While organizing a home nursing program to meet the needs of Manhattan's late nineteenth-century impoverished immigrant population, Wald visited the Lower East Side and witnessed the terrible conditions faced by the city's poor. She was so affected by her experience that she decided to devote her life to providing health and social services to the city's neediest, never completing her doctoral degree. In 1893, she moved to the Lower East Side, where she worked to establish the Henry Street Settlement.
Credited as the founder of public health nursing in the United States, Wald pioneered the social service system and established the Visiting Nurse Service of New York with fellow nurse Mary Brewster. In the spring of 1895, Wald moved to 265 Henry Street with a staff of six nurses to provide health and hygiene to impoverished immigrant men, women, and children at the Settlement.
By 1906, under Wald's leadership, Henry Street Settlement's nursing staff had grown to 27. By 1916, thanks to the support of lifelong friend and Henry Street benefactor Jacob Schiff and a variety of fundraising efforts, the Settlement boasted 250 nurses and offered healthcare, education, housing, and employment assistance, as well as recreational activities, to thousands of patients.
Wald continued to lead the Henry Street Settlement until 1930, when she retired from her position as director. During that time, Wald -- an ardent humanitarian -- also worked to reform national and international health, educational, and political spheres.
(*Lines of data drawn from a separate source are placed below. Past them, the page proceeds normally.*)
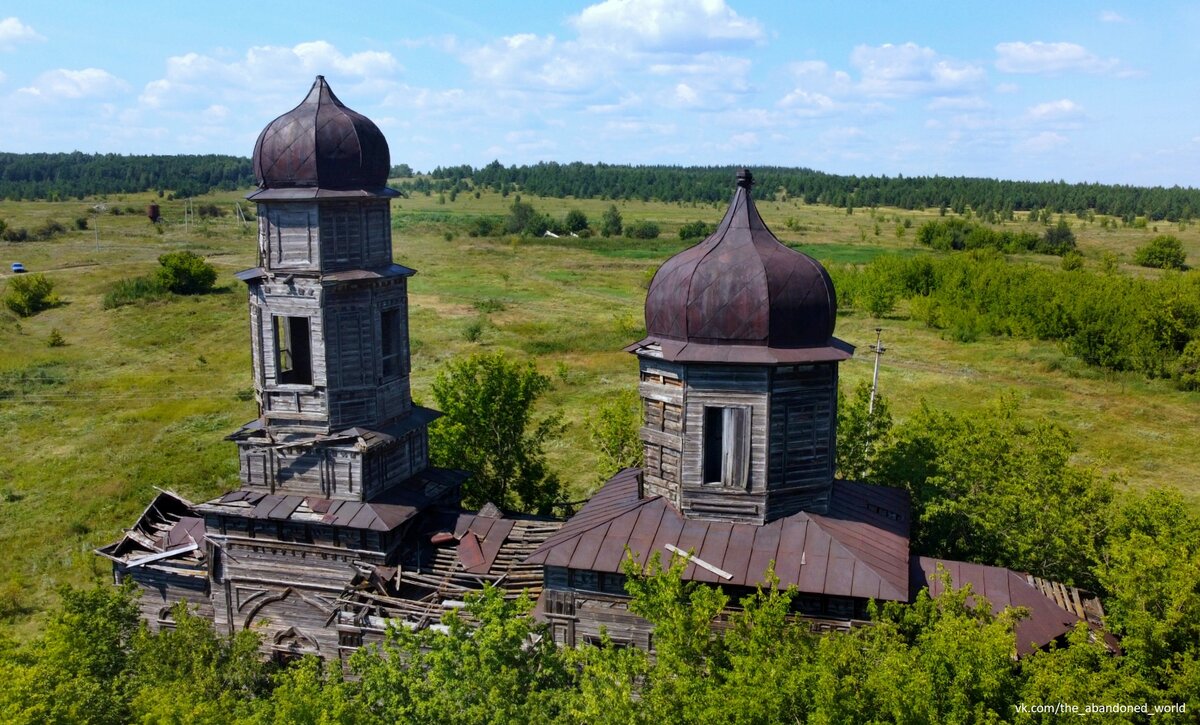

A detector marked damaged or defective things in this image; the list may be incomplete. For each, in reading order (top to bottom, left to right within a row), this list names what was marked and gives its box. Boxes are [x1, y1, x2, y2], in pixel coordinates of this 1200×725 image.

rusty metal dome [250, 75, 391, 195]
rusted metal roof [252, 75, 393, 196]
rusty metal dome [638, 168, 854, 362]
rusted metal roof [638, 168, 854, 364]
rusted metal roof [525, 470, 907, 600]
rusted metal roof [907, 554, 1089, 657]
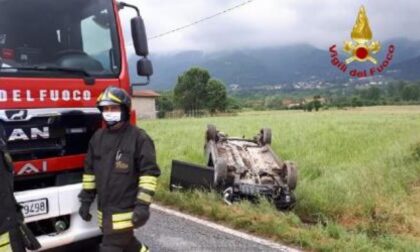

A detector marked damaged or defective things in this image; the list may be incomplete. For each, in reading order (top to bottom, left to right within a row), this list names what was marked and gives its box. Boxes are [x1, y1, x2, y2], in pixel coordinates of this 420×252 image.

overturned car [169, 125, 296, 210]
damaged vehicle [169, 124, 296, 211]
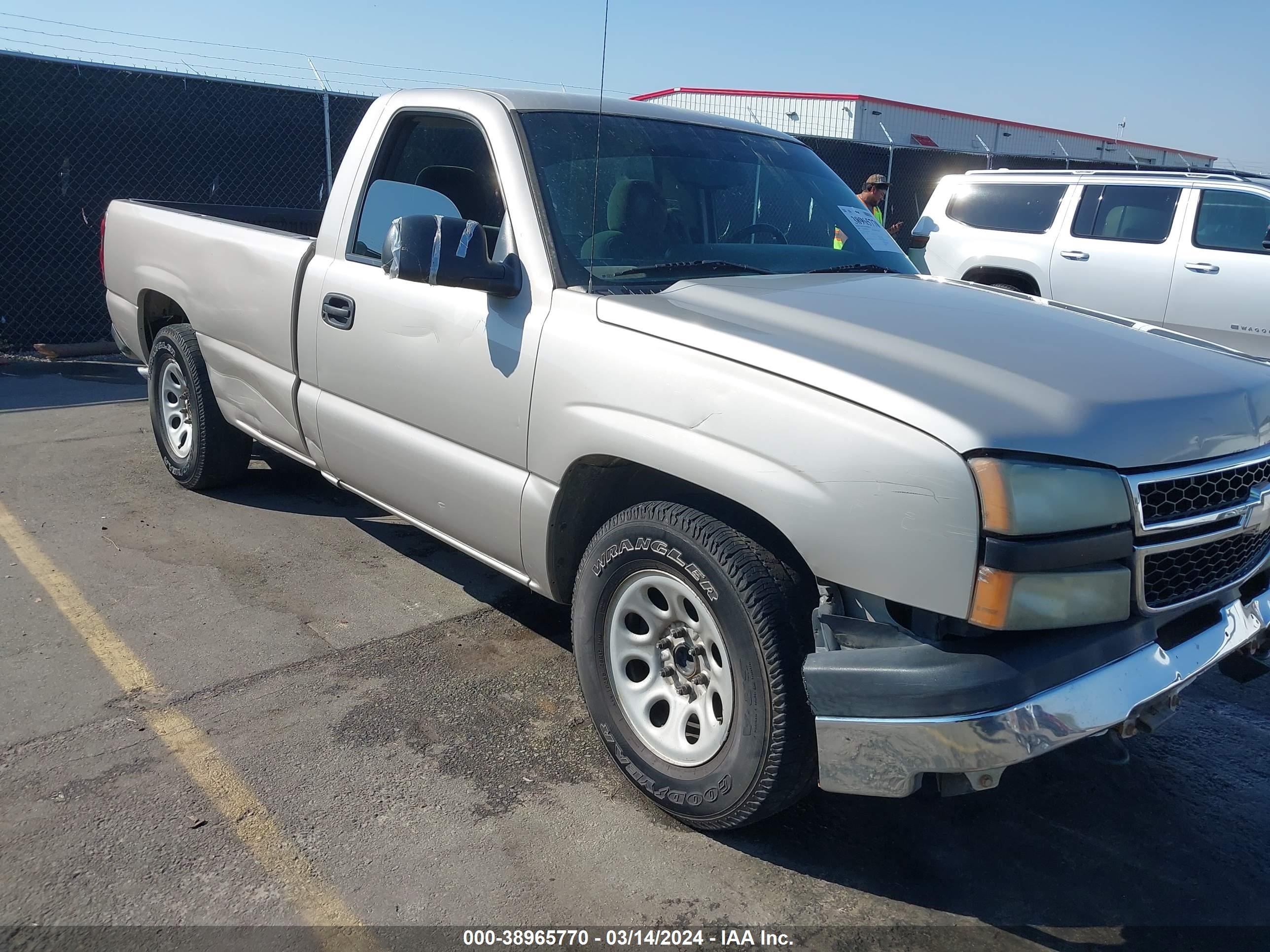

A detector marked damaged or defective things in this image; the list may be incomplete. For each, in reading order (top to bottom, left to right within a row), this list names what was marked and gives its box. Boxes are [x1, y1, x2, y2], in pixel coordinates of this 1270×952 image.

damaged front bumper [809, 587, 1270, 796]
She helped form the Women's Trade Union League, the National Organization for Public Health Nursing, and Columbia University's School of Nursing, and worked with President Theodore Roosevelt to create the Federal Children's Bureau. A suffragist, Wald also campaigned for women's right to vote and worked for peace during World War I by joining the Woman's Peace Party (WPP) and helping to establish the Women's International League for Peace and Freedom (WILPF).
In 1922, Wald was recognized for her contributions and was named one of the 12 greatest living American women by the New York Times. She later received the Lincoln Medallion for her work as an "Outstanding Citizen of New York," in 1936, and is credited throughout history as one of the country's most influential woman leaders.
Wald died at her Connecticut home in September 1940, but her legacy at Lower Manhattan's historic Henry Street Settlement lives on. Throughout the twentieth century, the Settlement established new facilities in Lower Manhattan to provide progressive services designed to meet the changing needs of the city's diverse poor population.
Today, the Henry Street Settlement is a non-profit organization that continues to offer social services and arts programming to more than 100,000 New Yorkers each year at 18 locations throughout the Lower East Side, including 263, 265, and 267 Henry Street -- the original buildings established by Wald. It remains one of the nation's oldest settlement houses.